While she was building up Theranos, Holmes grew close to Ramesh “Sunny” Balwani, who would become her romantic partner as well as an investor and fellow executive in the Palo Alto company based in California.

Together, Holmes and Balwani promised Theranos would revolutionise health care with a technology that could quickly scan for diseases and other problems with a few drops of blood.

The hype surrounding the alleged breakthrough helped Theranos raise nearly $1 billion (€933 million) from enthusiastic investors, assemble an influential board of directors that included former presidential cabinet members George Shultz, Henry Kissinger and James Mattis, and turned Holmes into a Silicon Valley sensation with a fortune valued at $4.5 billion (€4.2 billion) on paper in 2014.

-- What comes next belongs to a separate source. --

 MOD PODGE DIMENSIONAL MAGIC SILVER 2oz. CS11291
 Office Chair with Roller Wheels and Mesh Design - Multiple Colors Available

But it all blew up after serious flaws in Theranos' technology were exposed in a series of explosive articles in The Wall Street Journal. Holmes and Balwani broke up after the Journal's revelations and the company collapsed. 

AP Photo
Elizabeth Holmes speaking at the Fortune Global Forum in San Francisco in 2015.AP Photo

In 2018, the US Justice Department charged both with a litany of white-collar crimes in a case aimed at putting a stop to the Silicon Valley practice of overselling the capabilities of a still-developing technology.

Holmes admitted making mistakes at Theranos but steadfastly denied committing crimes during seven often-fascinating days of testimony on the witness stand during her trial. At one point, she told the jury about being sexually and emotionally abused by Balwani while he controlled her in ways that she said clouded her thinking. 

Balwani's attorney steadfastly denied Holmes' allegations, which was one of the key reasons they were tried separately.

Balwani was convicted on 12 felony counts of fraud and conspiracy in a trial that began two months after Holmes' ended. He is currently serving a nearly 13-year sentence in a Southern California prison.